Portfolio Shield™ takes the best aspects of low-cost index investing and incorporates a unique way to reduce risk when equity markets are falling.
When compared to a traditional diversified portfolio, a volatility-controlled portfolio, or a “robot” advisory portfolio, Portfolio Shield’s unique design and hedging strategy allow Portfolio Shield™ to generate higher returns for less risk over 3-, 5-, and 10 years when compared to investing in the S&P 500®, based on current and backtested returns by Morningstar®.
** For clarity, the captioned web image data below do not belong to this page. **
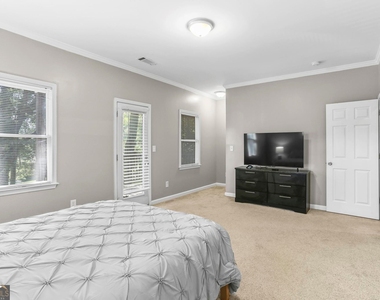 687 Windsor Street Sw - Photo Thumbnail 24
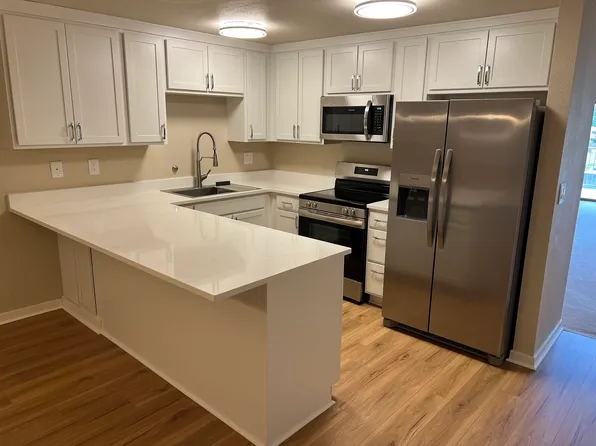 2920 76th Ave SE APT 307, Mercer Island, WA 98040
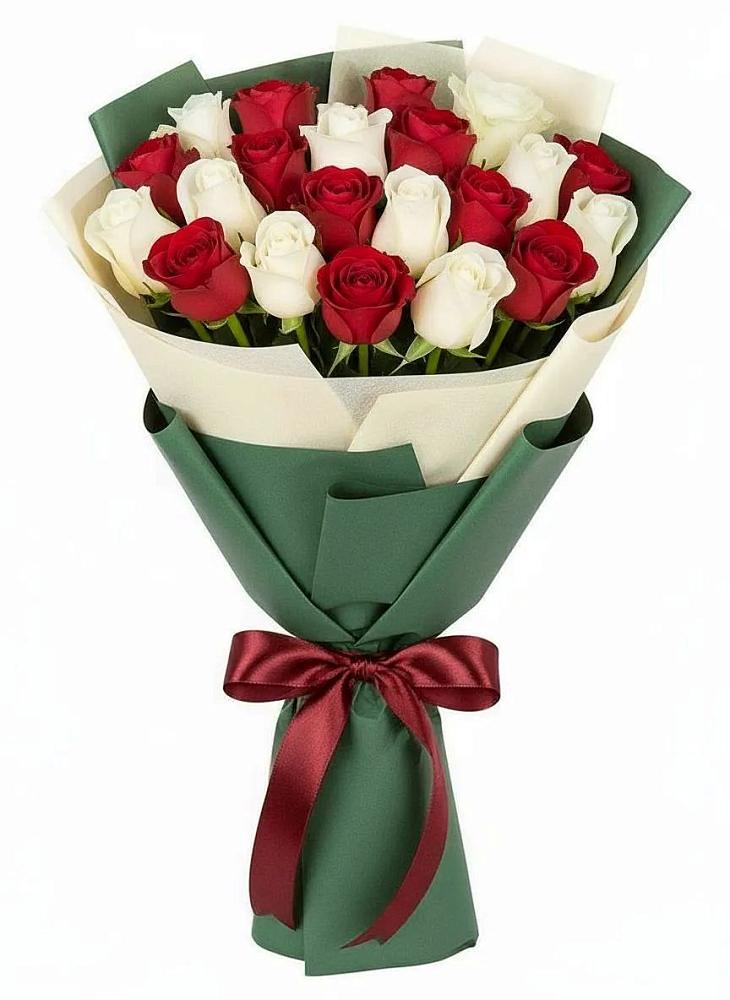 Букет Микс из красных и белых роз в Беляную Гору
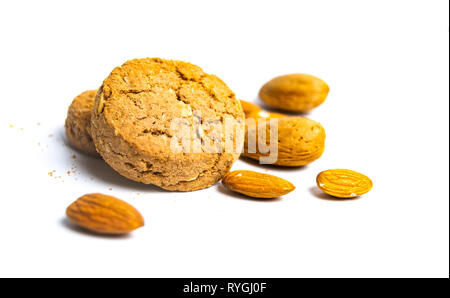 I cookie di integrale con mandorle isolati su sfondo bianco Foto Stock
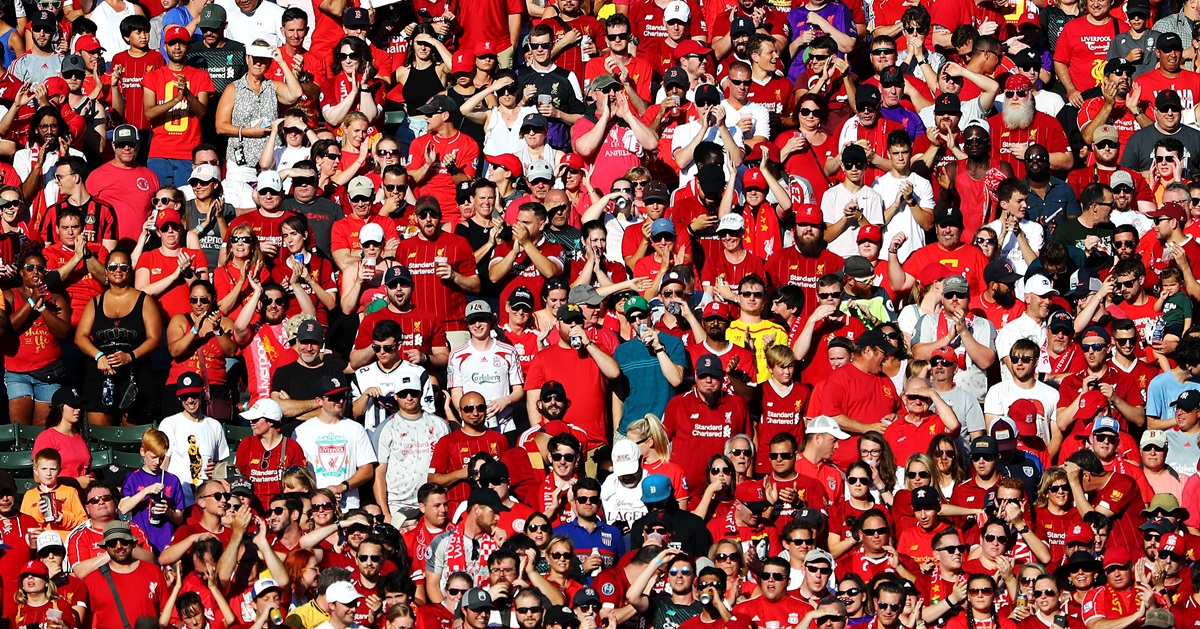 热情的利物浦球迷，期待“红军”本季有更大的突破。（法新社）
The strategy is designed to allocate itself to the S&P 500® and the Nasdaq-100 with convexity and the Nasdaq-100 with convexity when the equity markets are rising (at the discretion of the managers, may temporarily use the S&P 500® with convexity and the Nasdaq-100 with convexity during Bear markets). When the equity markets slow down or start to correct, the portfolio reduces its equity exposure by adding a long-term U.S. Treasury fund to the allocation.
The Treasury fund acts as a brake to reduce the downside risk of the portfolio when stocks go down. This works because when stocks fall, bonds typically rise. The bond allocation has the potential to offset a large portion of the fall in the equity allocation.
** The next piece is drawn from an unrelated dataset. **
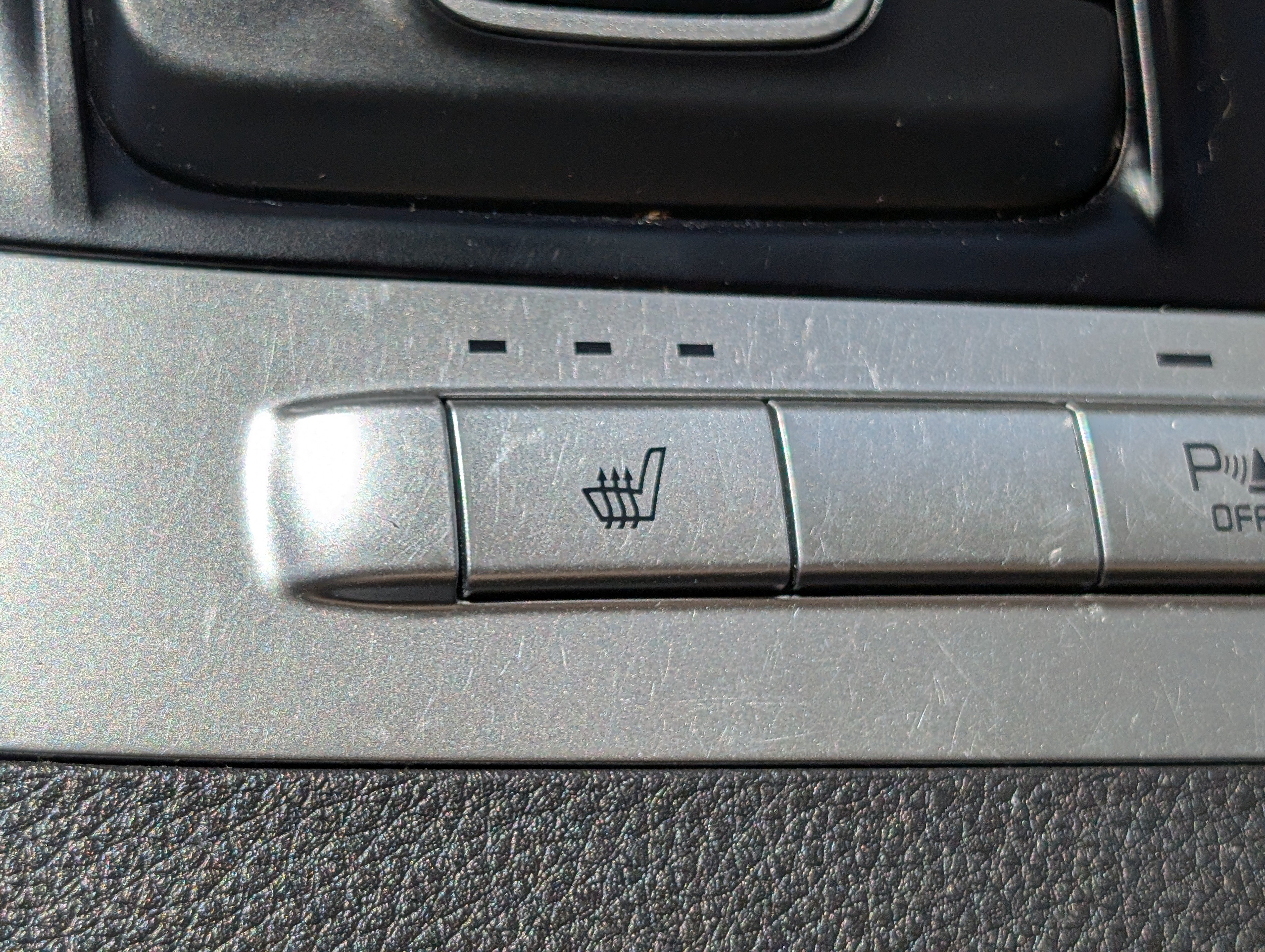 Used 2022 Kia Carnival LX FWD image 25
Portfolio Shield™ was designed around our monetary system, along with the business and credit cycles. With a deep understanding of how the stock and bond markets work inside our monetary system, the strategy can adjust between both as economic conditions change.
Portfolio Shield™ uses five highly liquid, low-fee ETFs. Large market makers back each ETF to provide maximize liquidity during the monthly rebalancing and to provide daily liquidity to meet client needs.
SPDR® S&P 500 ETF (SPY)
Invesco QQQ Trust ETF (QQQ)
iShares Core Aggregate Bond ETF (AGG)
iShares Trust iBoxx High Yield ETF (HYG)
iShares Trust 7-10 Year Treasury Bond ETF (IEF)
With a limited number of potential investments in the allocation, investors will be able to easily determine how their portfolio is allocated.
All current and back-tested returns, along with all the risk analytics are validated by Morningstar®. Each month Morningstar® provides an updated Investment Detail Report on the Portfolio Shield™ strategy. Morningstar® is the premier provider of data and analytics for the financial services industry.
Portfolio Shield™ is a formula-based strategy that is rebalanced on the first trading day of each month based on its formulas. The formulas are not overridden regardless of market conditions.
Future changes to the monetary system, such as a repeal of parts of the Federal Reserve Act to allow direct monetization of debt, may require changes to the strategy.
The advisory fee to manage Portfolio Shield™ is 1% per year on household accounts under $2 million and 0.5% per year on the total amount for household accounts over $2 million.
Fees are billed quarterly in advance and any unused days are refunded.
The expense ratio for each ETF used by Portfolio Shield™ is stated in the prospectus of each ETF. The returns of each ETF are net of their expense ratio.
Updates on the strategy are made publicly available following each monthly rebalance on Steve’s website under the Portfolio Shield™ category.